Uralkali is the world’s largest potash producer and on Tuesday announced it’s ending the decades-old distribution arrangement with Belarus, which controls roughly 43% of global exports, to go it alone.
CEO Vladislav Baumgertner sees the price falling below $300 a tonne before the end of the year from a Vancouver FOB price for the soil nutrient of around $400 a tonne at the moment.
A sub $300 a tonne price is a world away from five years ago when rising Chinese and Indian consumption drove the potash price from $100 a tonne in 2004 to almost $900 in the run up to the 2008 recession.
Uralkali, which also announced it’s upping output, was the one producer which could pull this off.
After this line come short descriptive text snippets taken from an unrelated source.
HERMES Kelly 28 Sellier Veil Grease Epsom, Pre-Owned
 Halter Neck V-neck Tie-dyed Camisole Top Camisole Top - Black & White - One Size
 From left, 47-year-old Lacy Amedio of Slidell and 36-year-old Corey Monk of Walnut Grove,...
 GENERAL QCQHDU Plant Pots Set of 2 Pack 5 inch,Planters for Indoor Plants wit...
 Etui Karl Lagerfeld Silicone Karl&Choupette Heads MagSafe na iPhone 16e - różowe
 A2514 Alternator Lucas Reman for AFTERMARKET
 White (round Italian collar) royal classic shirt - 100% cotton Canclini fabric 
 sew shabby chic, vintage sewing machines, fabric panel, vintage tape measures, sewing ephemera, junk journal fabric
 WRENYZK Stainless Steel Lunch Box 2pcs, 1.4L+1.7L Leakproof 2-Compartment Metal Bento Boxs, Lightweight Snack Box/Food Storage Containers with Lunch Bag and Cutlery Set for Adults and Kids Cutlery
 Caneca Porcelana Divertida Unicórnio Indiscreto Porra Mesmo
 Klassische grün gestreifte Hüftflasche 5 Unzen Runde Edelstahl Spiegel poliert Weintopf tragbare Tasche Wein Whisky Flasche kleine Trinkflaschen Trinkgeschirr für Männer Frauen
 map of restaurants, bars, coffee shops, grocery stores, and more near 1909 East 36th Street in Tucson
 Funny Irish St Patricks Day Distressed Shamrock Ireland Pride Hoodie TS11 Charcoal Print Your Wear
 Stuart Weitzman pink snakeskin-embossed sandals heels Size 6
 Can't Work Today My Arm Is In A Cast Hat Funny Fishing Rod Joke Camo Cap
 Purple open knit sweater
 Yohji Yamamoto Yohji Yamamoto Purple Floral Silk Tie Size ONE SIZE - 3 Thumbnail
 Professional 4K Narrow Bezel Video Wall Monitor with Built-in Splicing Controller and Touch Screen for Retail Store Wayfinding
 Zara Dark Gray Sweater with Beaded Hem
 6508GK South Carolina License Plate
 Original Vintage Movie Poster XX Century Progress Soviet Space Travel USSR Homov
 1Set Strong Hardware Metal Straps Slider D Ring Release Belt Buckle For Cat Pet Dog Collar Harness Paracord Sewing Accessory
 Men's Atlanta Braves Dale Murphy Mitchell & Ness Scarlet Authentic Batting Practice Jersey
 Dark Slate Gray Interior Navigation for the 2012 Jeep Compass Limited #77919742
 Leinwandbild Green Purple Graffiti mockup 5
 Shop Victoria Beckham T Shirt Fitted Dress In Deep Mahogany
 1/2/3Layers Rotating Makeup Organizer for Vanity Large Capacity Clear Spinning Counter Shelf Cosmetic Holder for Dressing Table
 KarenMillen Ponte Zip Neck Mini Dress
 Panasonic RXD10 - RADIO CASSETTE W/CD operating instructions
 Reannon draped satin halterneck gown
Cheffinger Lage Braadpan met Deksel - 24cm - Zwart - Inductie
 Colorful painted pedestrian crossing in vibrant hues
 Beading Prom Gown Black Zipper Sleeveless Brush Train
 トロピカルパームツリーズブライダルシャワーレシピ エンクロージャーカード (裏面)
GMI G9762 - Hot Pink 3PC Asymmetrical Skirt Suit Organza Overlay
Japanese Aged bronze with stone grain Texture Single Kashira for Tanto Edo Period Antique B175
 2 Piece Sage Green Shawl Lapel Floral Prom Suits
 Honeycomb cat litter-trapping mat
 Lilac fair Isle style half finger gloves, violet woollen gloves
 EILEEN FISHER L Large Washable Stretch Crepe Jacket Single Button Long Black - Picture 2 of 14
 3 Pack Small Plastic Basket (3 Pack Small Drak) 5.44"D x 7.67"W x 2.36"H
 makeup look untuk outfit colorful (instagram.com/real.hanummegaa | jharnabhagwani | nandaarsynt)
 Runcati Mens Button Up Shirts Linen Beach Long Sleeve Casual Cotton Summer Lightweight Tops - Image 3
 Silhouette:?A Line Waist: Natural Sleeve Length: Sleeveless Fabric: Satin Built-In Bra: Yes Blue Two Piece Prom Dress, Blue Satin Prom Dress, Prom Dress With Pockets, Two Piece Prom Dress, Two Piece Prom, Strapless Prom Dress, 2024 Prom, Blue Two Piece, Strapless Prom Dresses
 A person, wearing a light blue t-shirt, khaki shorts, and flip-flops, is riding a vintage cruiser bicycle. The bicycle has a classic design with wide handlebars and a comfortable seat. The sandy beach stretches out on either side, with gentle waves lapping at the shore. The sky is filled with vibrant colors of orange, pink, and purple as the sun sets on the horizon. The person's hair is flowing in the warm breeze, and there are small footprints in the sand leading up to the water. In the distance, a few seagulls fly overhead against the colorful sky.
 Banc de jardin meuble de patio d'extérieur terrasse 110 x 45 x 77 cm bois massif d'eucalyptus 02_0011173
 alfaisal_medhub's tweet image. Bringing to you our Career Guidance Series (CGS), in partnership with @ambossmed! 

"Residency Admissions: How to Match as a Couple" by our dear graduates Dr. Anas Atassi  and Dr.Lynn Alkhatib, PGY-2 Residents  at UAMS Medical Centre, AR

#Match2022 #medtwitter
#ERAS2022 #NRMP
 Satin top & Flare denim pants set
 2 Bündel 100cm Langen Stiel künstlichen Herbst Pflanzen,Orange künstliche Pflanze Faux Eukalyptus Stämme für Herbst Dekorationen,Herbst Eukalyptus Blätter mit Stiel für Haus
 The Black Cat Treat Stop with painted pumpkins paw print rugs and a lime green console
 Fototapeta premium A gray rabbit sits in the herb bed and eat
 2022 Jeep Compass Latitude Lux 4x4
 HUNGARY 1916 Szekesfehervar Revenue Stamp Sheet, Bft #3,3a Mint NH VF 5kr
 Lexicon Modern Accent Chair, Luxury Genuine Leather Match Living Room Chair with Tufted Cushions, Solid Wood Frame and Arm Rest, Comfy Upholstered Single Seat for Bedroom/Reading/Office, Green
Its production cost is a paltry $62 a tonne, compared to at least $100 in North America and $240 in Europe.
Analysts, quoted by FT.com, said Uralkali’s bombshell has turned the potash market upside down:
“This is as if Saudi Arabia left Opec – for the potash sector this is huge,” said Jeremy Redenius, an analyst at Bernstein. Joel Jackson, at BMO Capital Markets in Toronto, said the breakdown of the BPC cartel marked “the end of the potash world as we know it.”
The reaction on markets were swift and brutal.
Uralkali (MCX:URKA) fell as much as 25%, Potash Corp. of Saskatchewan (TSE:POT) gave up more than 20%, while the Canadian company’s North American partners Agrium (TSE:AGU) and Mosaic (NYSE:MOS) dropped 4.5% and 19% respectively.
Germany’s K+S (OTCMKTS:KPLUY) was trading down 23%, Israel Chemicals (TLV:ICL) declined 18%, Sirius Minerals (LON:SXX) hoping to build a potash mine in Yorkshire gave up 15%, while Intrepid Potash (NYSE:IPI) in the US was one of the biggest losers, plummeting 29%.
Saskatchewan’s junior players hoping to build mines in the Canadian province including Karnalyte Resources (TSE:KRN), down 46% and Vancouver’s Encanto Potash (TSE:EPO), losing 44% were some of the hardest hit. Western Potash (TSE:WPX) came off relatively lightly with a 9.5% slide.
Allana Potash (TSE:AAA) which is advancing a project in Ethiopia and Verde Potash (TSE:NPK) active in Brazil, also lost more than a fifth in value.
Brazilian giant Vale’s (NYSE:VALE) recent decision to walk away from an expensive potash project in Argentina is looking prescient while world number one miner BHP BIlliton’s (LON:BHP) Jansen project in Saskatchewan now looks unlikely to get the go-ahead.